Work item: Among the lines of the listing below, retype exactly those from the one containing "X-Rays Are Appropriate For_11zon" through the one containing "Figure 1 From", both included. Do not include pictures.

Data provided:
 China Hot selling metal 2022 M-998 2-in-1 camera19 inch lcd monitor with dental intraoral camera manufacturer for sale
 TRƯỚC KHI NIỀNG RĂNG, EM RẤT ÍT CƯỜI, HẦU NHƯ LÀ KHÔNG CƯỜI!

...

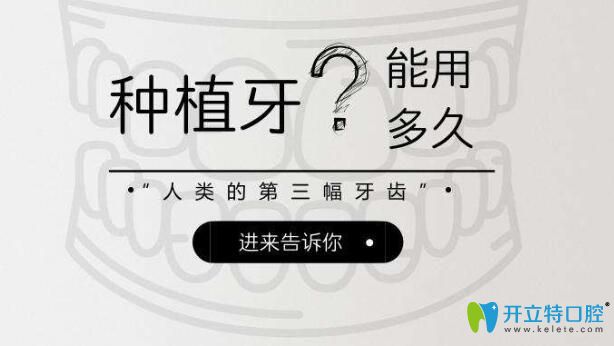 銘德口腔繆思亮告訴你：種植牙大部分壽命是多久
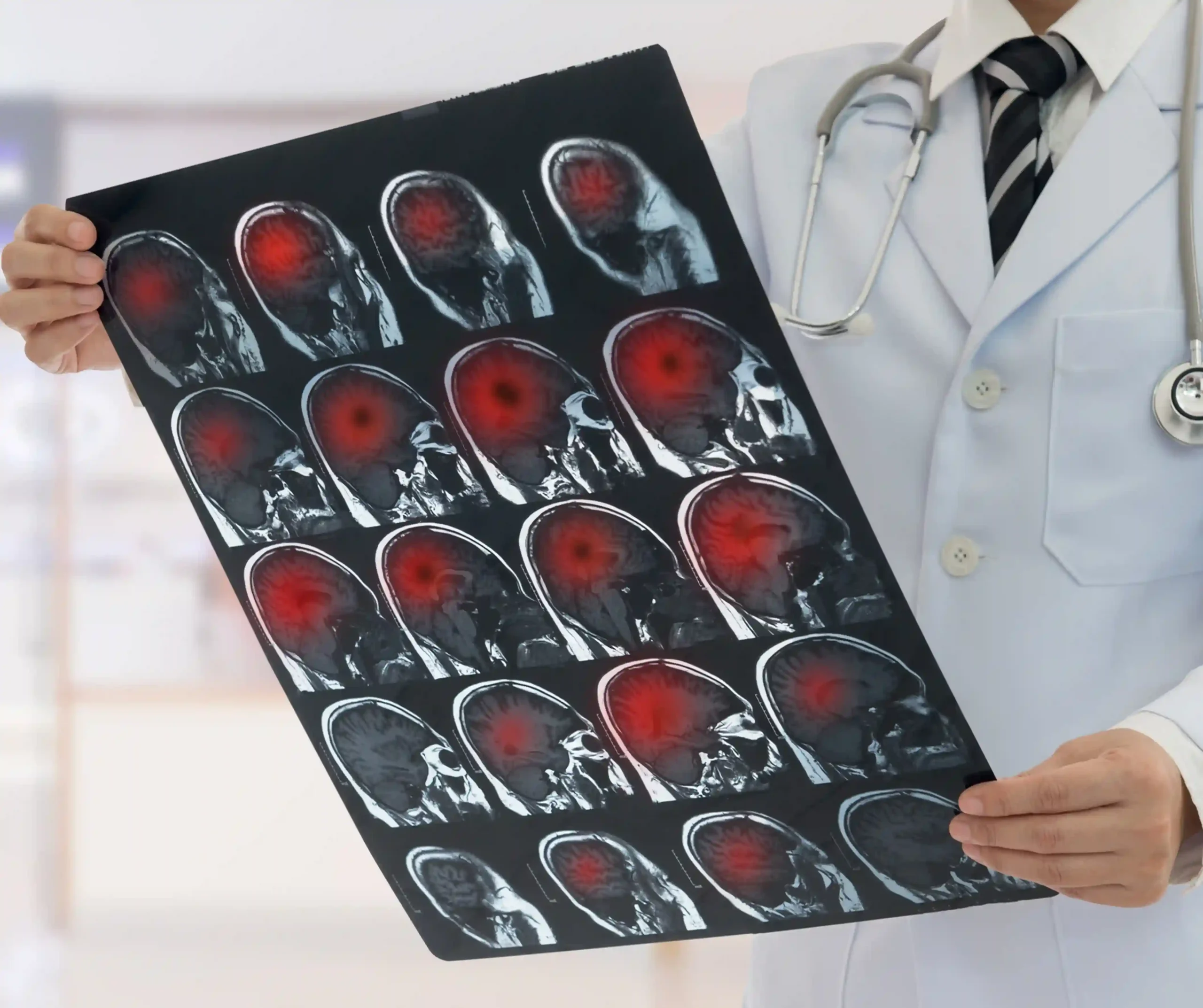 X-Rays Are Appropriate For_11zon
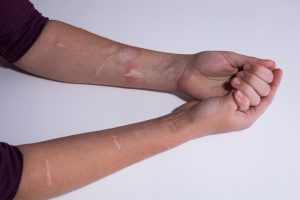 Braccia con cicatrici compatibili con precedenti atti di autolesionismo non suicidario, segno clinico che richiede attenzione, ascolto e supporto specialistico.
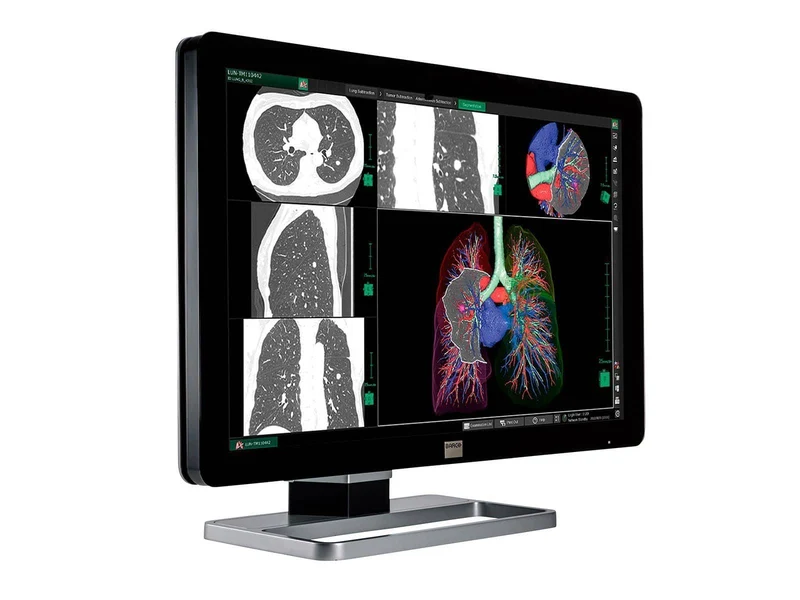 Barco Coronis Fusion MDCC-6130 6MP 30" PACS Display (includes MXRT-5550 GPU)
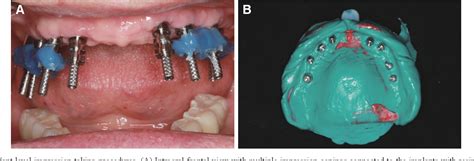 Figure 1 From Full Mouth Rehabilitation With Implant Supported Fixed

--

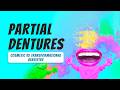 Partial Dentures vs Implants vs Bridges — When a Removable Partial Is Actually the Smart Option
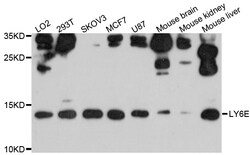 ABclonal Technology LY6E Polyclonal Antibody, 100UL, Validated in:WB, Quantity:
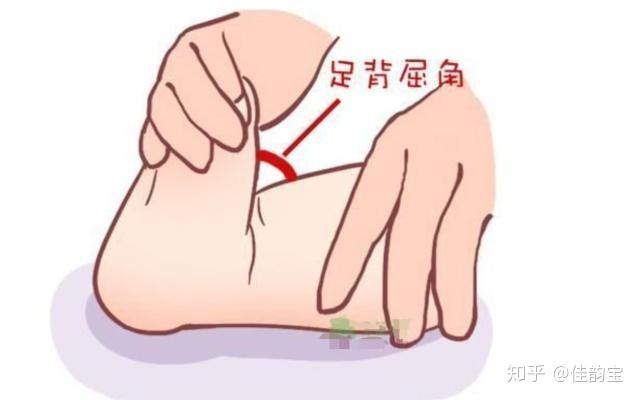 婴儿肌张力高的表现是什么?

Exercise solution:
 X-Rays Are Appropriate For_11zon
 Braccia con cicatrici compatibili con precedenti atti di autolesionismo non suicidario, segno clinico che richiede attenzione, ascolto e supporto specialistico.
 Barco Coronis Fusion MDCC-6130 6MP 30" PACS Display (includes MXRT-5550 GPU)
 Figure 1 From Full Mouth Rehabilitation With Implant Supported Fixed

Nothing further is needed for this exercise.